Für ein paar Stunden tauchen die Mädchen und Jungen in die Rolle eines Wissenschaftlers oder eines Ingenieurs ein. Spannende Versuche vermitteln spielerisch moderne Erkenntnisse aus der Physik, Physiologie und Psychologie. Darüber hinaus sind Einblicke in die Forschung und Lehre an der Hochschule Kempten möglich.
Die Versuche des Basisprogramms beschäftigen sich mit dem Sehen und Hören. Die Jugendlichen erfahren dabei, wie das Auge abbildet, wie schwierig es ist, mit einer Umkehrbrille ein Dreieck zu malen und lernen, wie und warum optische Täuschungen unsere Wahrnehmung in die Irre führen.
Faszinierende Farbspiele entdecken die Schüler, wenn sie die Pixel ihrer Smartphones im Mikroskop betrachten, Farben durch additive Mischung von Licht selbst herstellen oder farbige Schatten erzeugen.
Mit der Bestimmung ihrer eigenen Hörschwellenkurve lernen Schülerinnen und Schüler die Grenzen ihres persönlichen Hörvermögens kennen.
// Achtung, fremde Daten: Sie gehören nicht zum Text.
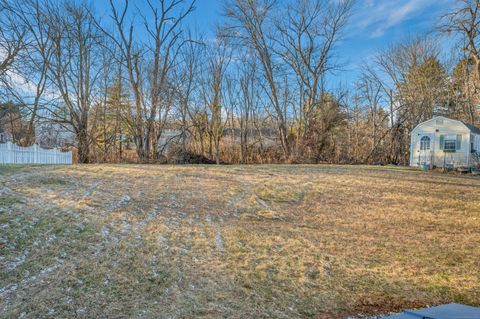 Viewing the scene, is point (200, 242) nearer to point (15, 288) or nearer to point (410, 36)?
point (15, 288)

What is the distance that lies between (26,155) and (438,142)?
1721 cm

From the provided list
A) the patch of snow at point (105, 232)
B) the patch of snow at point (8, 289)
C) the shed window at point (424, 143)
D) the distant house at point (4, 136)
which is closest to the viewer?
the patch of snow at point (8, 289)

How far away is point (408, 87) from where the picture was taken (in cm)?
2172

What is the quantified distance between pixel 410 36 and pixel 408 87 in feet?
11.6

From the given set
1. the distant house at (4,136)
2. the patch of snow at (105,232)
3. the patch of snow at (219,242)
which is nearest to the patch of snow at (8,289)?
the patch of snow at (105,232)

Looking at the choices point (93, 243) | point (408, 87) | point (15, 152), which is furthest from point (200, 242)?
point (408, 87)

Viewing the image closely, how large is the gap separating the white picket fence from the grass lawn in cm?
392

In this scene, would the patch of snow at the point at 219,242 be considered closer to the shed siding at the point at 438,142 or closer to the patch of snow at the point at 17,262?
the patch of snow at the point at 17,262

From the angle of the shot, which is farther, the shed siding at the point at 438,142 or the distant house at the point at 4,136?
the distant house at the point at 4,136

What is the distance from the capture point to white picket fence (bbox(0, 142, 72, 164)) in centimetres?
1001

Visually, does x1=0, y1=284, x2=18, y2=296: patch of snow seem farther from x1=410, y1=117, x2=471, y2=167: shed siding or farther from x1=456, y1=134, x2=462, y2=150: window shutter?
x1=456, y1=134, x2=462, y2=150: window shutter

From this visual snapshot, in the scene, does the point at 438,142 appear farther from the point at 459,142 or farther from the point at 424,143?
the point at 459,142

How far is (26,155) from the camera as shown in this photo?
10688mm

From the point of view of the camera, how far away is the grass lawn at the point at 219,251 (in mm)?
2679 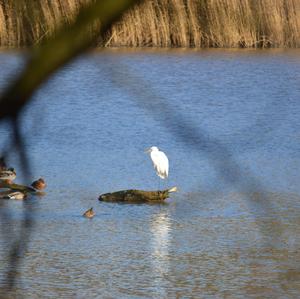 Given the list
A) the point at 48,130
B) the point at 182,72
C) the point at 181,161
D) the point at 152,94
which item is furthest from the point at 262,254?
the point at 182,72

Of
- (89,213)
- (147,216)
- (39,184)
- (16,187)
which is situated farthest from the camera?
(16,187)

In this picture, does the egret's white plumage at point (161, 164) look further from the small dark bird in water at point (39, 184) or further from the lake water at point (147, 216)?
the small dark bird in water at point (39, 184)

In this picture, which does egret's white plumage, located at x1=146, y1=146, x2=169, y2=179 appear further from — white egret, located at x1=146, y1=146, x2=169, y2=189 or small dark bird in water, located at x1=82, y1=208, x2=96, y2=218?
small dark bird in water, located at x1=82, y1=208, x2=96, y2=218

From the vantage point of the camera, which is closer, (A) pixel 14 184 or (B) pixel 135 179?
(A) pixel 14 184

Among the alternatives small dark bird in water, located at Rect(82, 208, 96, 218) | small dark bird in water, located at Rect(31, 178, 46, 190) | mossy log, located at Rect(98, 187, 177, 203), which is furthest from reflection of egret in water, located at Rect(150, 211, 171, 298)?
small dark bird in water, located at Rect(31, 178, 46, 190)

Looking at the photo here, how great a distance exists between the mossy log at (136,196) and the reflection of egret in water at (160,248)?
0.41 m

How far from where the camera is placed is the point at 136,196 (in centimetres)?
1016

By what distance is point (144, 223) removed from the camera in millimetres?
9391

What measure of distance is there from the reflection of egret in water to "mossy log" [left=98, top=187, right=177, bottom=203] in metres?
0.41

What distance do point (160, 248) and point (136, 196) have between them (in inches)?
64.4

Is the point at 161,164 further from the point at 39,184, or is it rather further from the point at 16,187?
the point at 16,187

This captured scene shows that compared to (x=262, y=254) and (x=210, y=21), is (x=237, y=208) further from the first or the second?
(x=210, y=21)

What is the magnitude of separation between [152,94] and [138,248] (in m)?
7.60

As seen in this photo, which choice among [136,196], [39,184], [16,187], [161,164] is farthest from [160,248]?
[16,187]
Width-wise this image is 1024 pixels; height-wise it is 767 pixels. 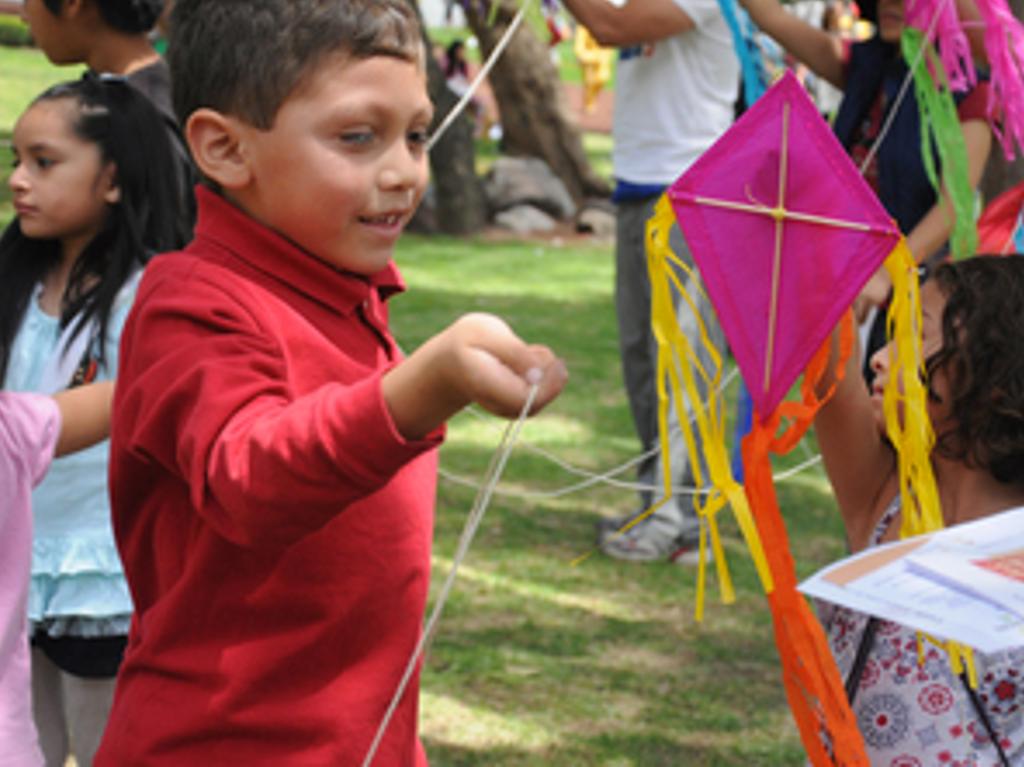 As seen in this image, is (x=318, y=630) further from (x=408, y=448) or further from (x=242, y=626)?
(x=408, y=448)

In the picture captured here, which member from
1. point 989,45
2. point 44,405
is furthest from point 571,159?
point 44,405

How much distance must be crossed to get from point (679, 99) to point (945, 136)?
1.63 m

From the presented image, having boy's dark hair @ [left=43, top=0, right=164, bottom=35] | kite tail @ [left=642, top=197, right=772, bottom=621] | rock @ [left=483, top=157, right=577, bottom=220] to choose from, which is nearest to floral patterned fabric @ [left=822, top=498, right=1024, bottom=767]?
kite tail @ [left=642, top=197, right=772, bottom=621]

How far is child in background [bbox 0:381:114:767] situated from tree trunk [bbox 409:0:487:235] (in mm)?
9375

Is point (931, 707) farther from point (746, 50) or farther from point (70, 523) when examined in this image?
point (746, 50)

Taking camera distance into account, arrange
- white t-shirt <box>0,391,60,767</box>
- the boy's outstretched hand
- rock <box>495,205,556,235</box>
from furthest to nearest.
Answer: rock <box>495,205,556,235</box> → white t-shirt <box>0,391,60,767</box> → the boy's outstretched hand

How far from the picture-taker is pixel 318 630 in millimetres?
1543

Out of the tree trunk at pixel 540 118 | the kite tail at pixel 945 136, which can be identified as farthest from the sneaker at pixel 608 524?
the tree trunk at pixel 540 118

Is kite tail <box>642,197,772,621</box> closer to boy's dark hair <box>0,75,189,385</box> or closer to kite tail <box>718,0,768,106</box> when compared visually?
boy's dark hair <box>0,75,189,385</box>

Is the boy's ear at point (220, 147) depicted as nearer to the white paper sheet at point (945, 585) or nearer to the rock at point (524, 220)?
the white paper sheet at point (945, 585)

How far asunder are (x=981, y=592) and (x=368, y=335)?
0.66 meters

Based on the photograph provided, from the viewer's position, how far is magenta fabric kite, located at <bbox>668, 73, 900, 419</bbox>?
1.65 m

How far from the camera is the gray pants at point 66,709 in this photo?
2.49 m

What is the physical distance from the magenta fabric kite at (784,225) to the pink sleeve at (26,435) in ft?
2.90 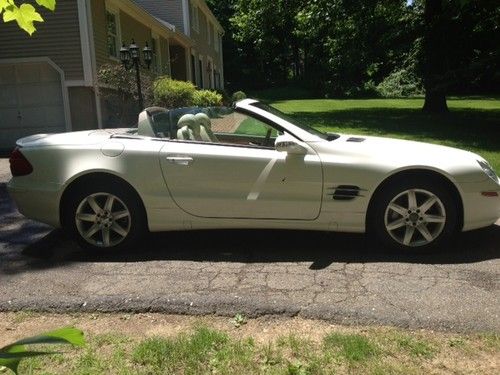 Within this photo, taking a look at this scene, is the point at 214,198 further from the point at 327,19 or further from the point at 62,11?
the point at 327,19

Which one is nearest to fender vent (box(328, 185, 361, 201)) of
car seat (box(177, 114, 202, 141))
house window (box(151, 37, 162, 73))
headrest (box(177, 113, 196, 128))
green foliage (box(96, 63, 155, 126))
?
car seat (box(177, 114, 202, 141))

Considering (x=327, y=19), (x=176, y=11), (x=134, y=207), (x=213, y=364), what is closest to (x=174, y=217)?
(x=134, y=207)

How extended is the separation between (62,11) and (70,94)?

An einer weiteren akustischen Station zerlegen sie ihre Stimme in Frequenzbereiche und untersuchen das Spektrum der Oberschwingungen.
Da ein Projekt wie das Schülerlabor nicht im Budget der Hochschule vorgesehen ist und auf Eigeninitiative eines engagierten Professors basiert, war finanzielle Unterstützung von außen nötig. Die Frank Hirschvogel Stiftung unterstützt das Projekt für die Dauer von vier Jahren.
Die Unterstützung von Projekten wie dem Schülerlabor, das Synergien zwischen Schulen und Hochschulen schafft, ist der Stiftung ein großes Anliegen, um den Standortnachteil ihrer Partnerschulen auszugleichen.
Projektinformationen
Erfahrungsberichte
Die Schülerinnen und Schüler des Wahlfaches Robotik der Realschule Buchloe besuchten das Schülerlabor der Hochschule Kempten. Mit großer Neugier und Begeisterung arbeiteten sie die verschiedenen Stationen zu den Themen Hören und Sehen durch. Hierbei wurde oft lebhaft über Lösungsansätze und Ergebnisse diskutiert. Alle Teilnehmer hatten dabei sichtlich Spaß und konnten ihr Wissen aus dem Physik-Unterricht praktisch anwenden und vertiefen.
Die Schüler des Dominikus-Zimmermann-Gymnasiums in Landsberg besuchten am 17.3.2016 das Schülerlabor in Kempten. Im Rahmen des W-Seminars Fledermäuse und des Biophysikkurses bekommen 30 Schüler von Herrn Professor Eimüller ein spezielles Programm passend für die Oberstufe zusammengestellt. Der Schwerpunkt des Programms liegt auf dem Bereich der Akustik und Wellenphysik, da sich beide Kurse mit den Themen beschäftigen. Der Besuch war ein voller Erfolg für die beiden Klassen. Die Fahrtkosten wurden von der Frank Hirschvogel Stiftung übernommen.